### ACTIVITY
What is the count of lines in the data that hold the string "Captain"? State the number alone.

### SUPPLIED INFORMATION
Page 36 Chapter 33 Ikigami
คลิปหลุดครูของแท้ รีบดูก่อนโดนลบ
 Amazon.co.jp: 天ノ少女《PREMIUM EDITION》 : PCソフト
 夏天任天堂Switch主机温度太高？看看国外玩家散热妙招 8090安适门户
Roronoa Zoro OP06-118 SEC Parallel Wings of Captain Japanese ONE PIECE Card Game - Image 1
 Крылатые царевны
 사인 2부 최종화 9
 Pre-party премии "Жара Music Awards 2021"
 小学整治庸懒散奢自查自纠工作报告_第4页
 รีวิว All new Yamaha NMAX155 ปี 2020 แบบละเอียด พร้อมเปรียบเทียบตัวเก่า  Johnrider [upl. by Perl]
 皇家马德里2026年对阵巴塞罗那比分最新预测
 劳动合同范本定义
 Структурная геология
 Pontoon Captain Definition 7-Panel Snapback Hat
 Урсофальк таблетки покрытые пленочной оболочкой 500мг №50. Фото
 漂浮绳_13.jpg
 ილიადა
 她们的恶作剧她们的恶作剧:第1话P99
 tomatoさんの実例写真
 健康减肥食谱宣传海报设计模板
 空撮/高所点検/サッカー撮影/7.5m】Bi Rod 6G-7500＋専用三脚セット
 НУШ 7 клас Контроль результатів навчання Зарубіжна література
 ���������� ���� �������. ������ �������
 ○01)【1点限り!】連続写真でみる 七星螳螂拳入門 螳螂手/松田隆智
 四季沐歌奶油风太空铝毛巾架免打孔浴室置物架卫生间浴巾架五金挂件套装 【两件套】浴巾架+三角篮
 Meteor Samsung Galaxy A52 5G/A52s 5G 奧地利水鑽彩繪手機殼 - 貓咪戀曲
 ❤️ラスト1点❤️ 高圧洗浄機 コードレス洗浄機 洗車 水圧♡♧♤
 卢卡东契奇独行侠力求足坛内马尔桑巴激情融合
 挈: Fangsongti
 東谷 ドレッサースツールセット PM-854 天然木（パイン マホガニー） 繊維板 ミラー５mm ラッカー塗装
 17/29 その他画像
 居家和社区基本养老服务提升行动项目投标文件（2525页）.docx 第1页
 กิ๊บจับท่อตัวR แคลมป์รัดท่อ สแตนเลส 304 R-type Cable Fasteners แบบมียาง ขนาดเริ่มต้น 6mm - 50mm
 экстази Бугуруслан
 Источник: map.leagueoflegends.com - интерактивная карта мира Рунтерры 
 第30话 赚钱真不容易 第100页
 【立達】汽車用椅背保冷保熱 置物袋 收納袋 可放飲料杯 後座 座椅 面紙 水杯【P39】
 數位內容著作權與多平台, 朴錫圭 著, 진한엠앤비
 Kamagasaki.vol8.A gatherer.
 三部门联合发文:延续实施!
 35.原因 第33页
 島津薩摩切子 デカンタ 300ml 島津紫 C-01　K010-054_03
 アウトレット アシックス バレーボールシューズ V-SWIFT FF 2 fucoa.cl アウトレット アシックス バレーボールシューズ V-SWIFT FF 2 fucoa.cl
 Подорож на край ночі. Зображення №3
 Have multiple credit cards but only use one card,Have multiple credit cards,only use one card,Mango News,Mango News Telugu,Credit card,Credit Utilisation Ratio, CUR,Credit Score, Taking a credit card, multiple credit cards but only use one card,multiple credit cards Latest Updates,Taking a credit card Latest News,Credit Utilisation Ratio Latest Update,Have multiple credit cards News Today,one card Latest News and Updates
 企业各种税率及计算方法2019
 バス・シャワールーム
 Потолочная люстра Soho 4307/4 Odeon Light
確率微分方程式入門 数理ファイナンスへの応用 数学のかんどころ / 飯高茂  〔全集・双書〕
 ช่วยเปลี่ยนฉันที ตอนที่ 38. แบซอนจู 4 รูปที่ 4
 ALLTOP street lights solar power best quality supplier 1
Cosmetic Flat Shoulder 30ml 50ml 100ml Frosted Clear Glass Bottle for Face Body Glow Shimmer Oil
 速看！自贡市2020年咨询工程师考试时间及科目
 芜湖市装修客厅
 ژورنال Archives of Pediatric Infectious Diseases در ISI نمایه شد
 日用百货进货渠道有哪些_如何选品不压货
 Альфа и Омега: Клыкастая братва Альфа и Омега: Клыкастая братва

### RESULT BELOW
2